Я повесила зеленую трубку и надолго прижалась лбом к холодному телефонному аппарату. Снаружи кабинки шел дождь, а в ямку на асфальте под моими ногами стекались ручейки.

В тамбуре то и дело всплывали отрывки текстов наших с Томой песен. Особенно тех, в которых фигурировали поезда.

Утром в Москве было уже жарко. Я убежала от Питерского дождя, и тут же окунулась в водовороты суеты, криков, запахов и пота. Нюта ждала меня у билетной кассы, на нашем условном месте. Она была взволнованна и явно не выспалась. Мы обнялись и молча поехали к ней на окраину. Я не знала, что должна объяснять, а она не понимала, что именно спрашивать.

Тома помогала мне делать подарок ко дню рождения Нюты. Мы сделали музыку ветра на морскую тему, полторы недели вечерами дырявили ракушки, а потом ещё пару дней нанизывали и раскрашивали их. Когда я вручала этот подарок, кто-то снял меня с предохранителя. И Нюта все поняла.

***

- Хорошо, когда есть люди, которым ничего не нужно рассказывать – совсем уставшая от собственных слез уже под вечер сказала я.
- Это только кажется, что не нужно, как правило, эти люди очень хотят получать длинные и подробные рассказы.
- Знаю. Только рассказ не получится длинным.
- Догадываюсь. Давай только не сегодня. У меня там в морозилке есть мороженое, пошли стрескаем, с орешками, как ты любишь. – Она ласково смотрела на меня и гладила по голове.

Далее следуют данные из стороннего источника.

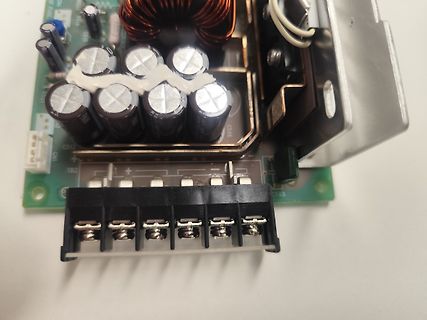 Nahaufnahme einer Leiterplatte mit Elektrolytkondensatoren und Spule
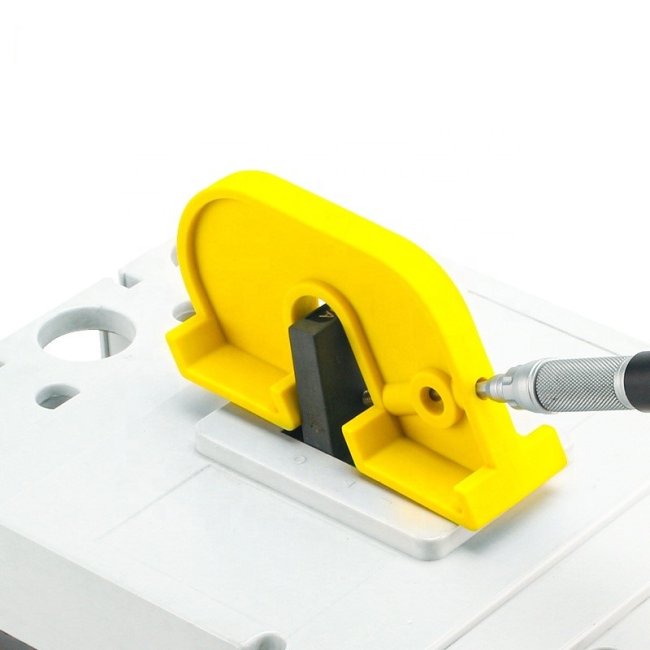 Circuit Breaker Toggle Switch Lockout - eskosafety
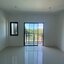 For Sales : Chaofah, 3-Storey Commercial Building, 3 Bedrooms 4 Bathrooms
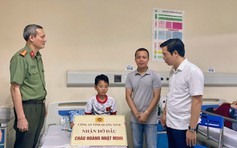 Công an Quảng Ninh nhận đỡ đầu bé trai trong vụ lật tàu trên vịnh Hạ Long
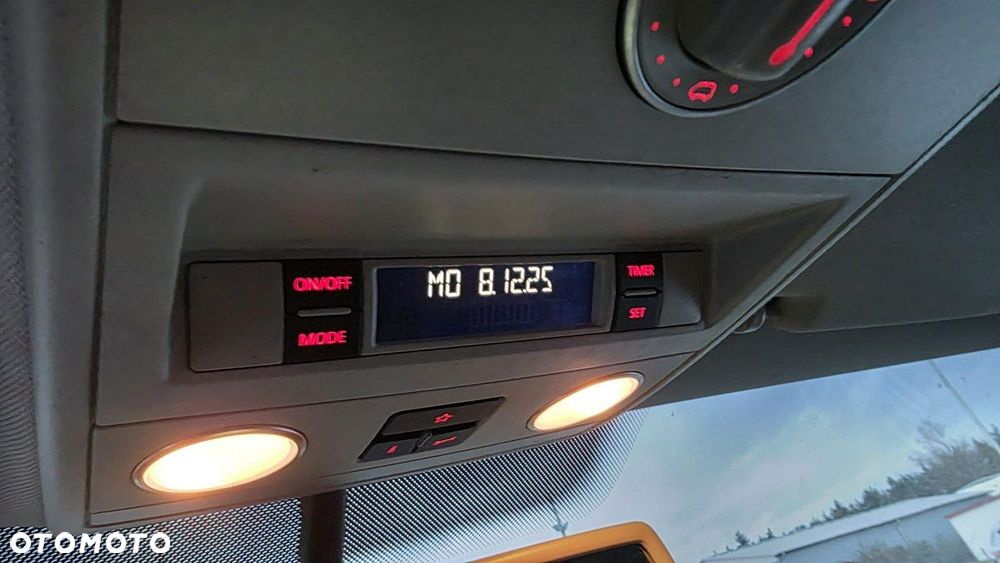 Volkswagen Multivan - 22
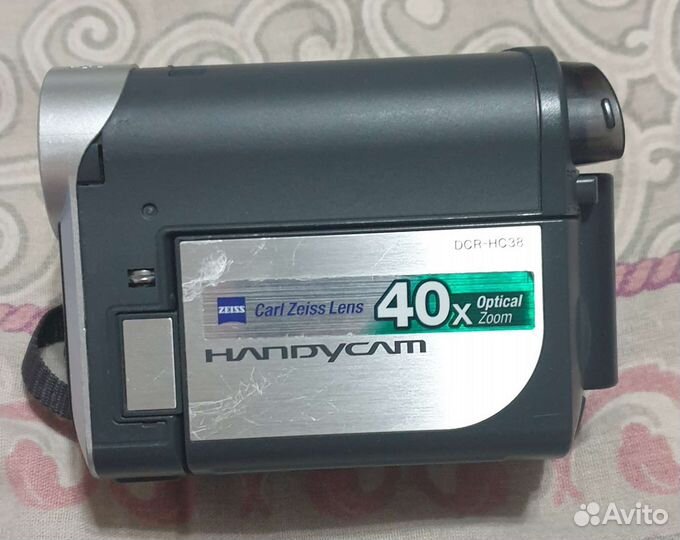 Видеокамера Sony Handycam DCR-HC38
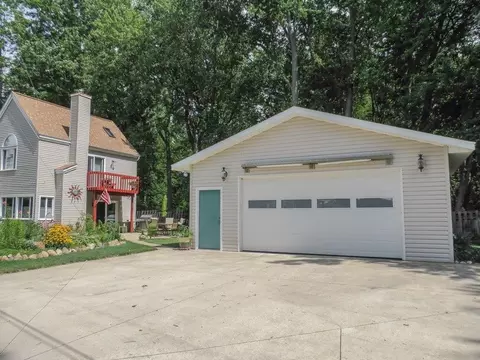 9840 Leach Ln, Dexter, MI 48130 photo 4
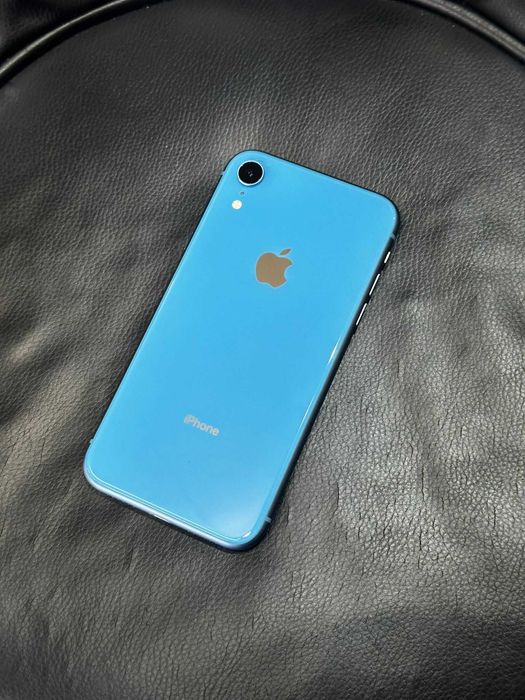 Iphone XR Blue/ White   64GB/ 256gb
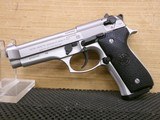 Beretta 92FS Inox Italian 9mm JS92F520M - 4 of 12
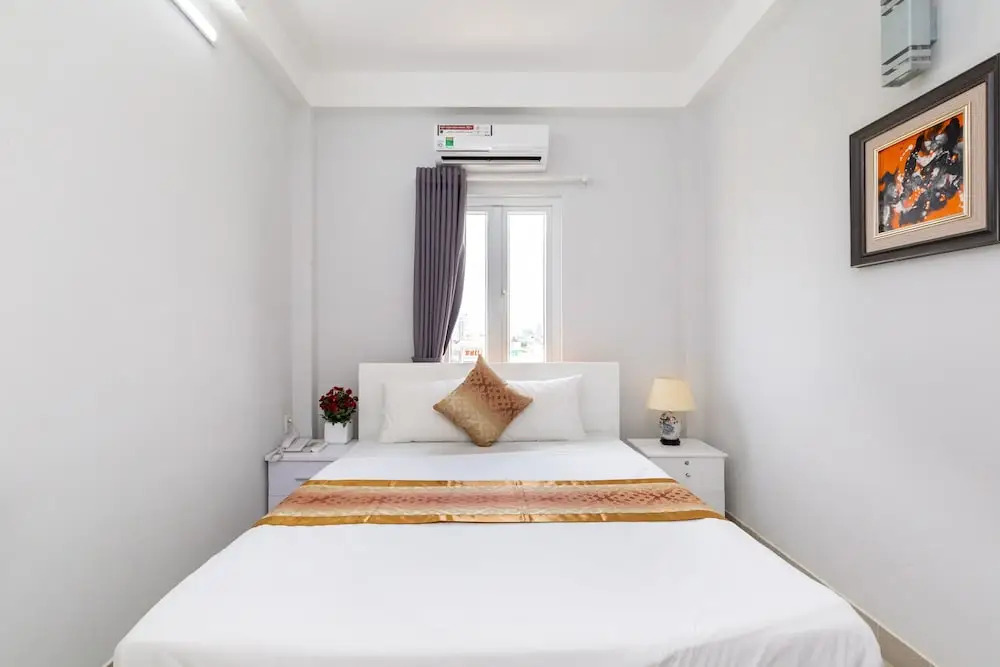 White Diamond PN Hotel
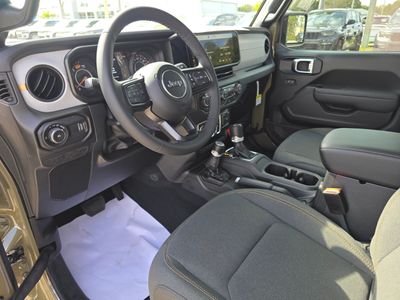 2026 Jeep Wrangler — photo 13 view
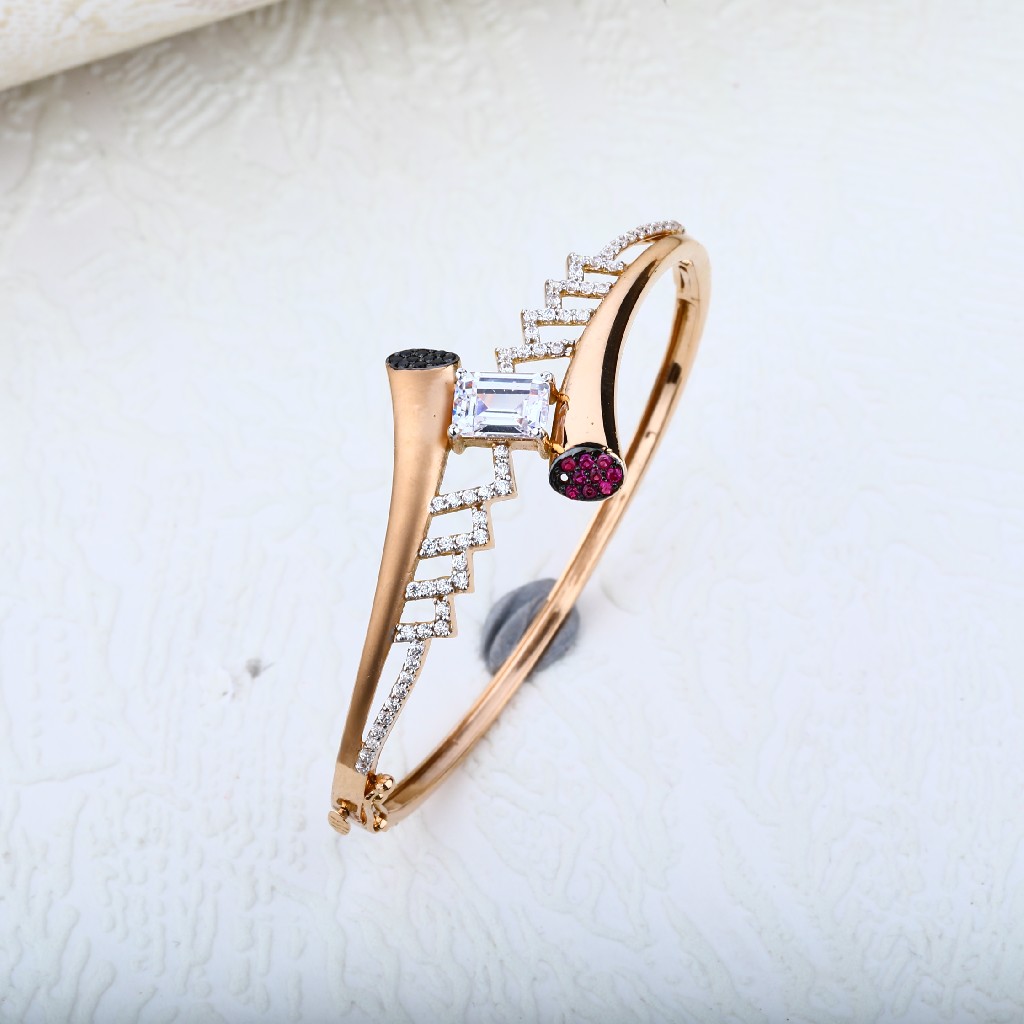 Rose Gold 18K Fancy Ladies Bracelet-RLKB38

Этот день закончился у неё на балконе, когда, поцеловав её, я буквально выключилась. А наутро весь ужас последнего месяца будто бы только начался снова. Снова зазвучала тревожная музыка, которая неспешно, но верно идет к кульминации. Нюты в поле зрения не было. Но я быстро обнаружила её на кухне.

- Долго же ты спишь – она улыбалась, и была спокойной, как озеро.
- Гораздо дольше я бодрствовала.
- Это сколько же?
- Суток трое-четверо, не знаю. Не имею привычки считать такую ерунду.
- Кто-нибудь в курсе, что ты у меня?
- Нет – я почувствовала, что вот сейчас будет кульминация, и напряглась в ожидании душераздирающего аккорда.
- Прекрасно, что на этот раз говорить твоей маме?
- Скажи, что срочно эвакуировала из психиатрической лечебницы.
- Думаю, она поверит – совсем мрачно ответила Нюта.

После этого мы не разговаривали четыре дня. Она уходила на работу, а я оставалась одна в обществе её вещей. Вечерами мы смотрели старое кино, целовались и занимались любовью, просто валялись на полу, смотря в потолок, и пускали мыльные пузыри с дымом от сигарет.

Она была теплой и ласковой, понятной. От неё вкусно пахло, и не нужно было ничего объяснять. Это, наверное, было самым важным. Без объяснений, без вопросов, без трепа. Мне хватало её дыхания и простого присутствия. Но не было в этом ни идиллии, ни намеков на покой. Она была для меня тем самым домом, из которого тянет убежать. И она об этом давно знала, видела, как русинок на кальке.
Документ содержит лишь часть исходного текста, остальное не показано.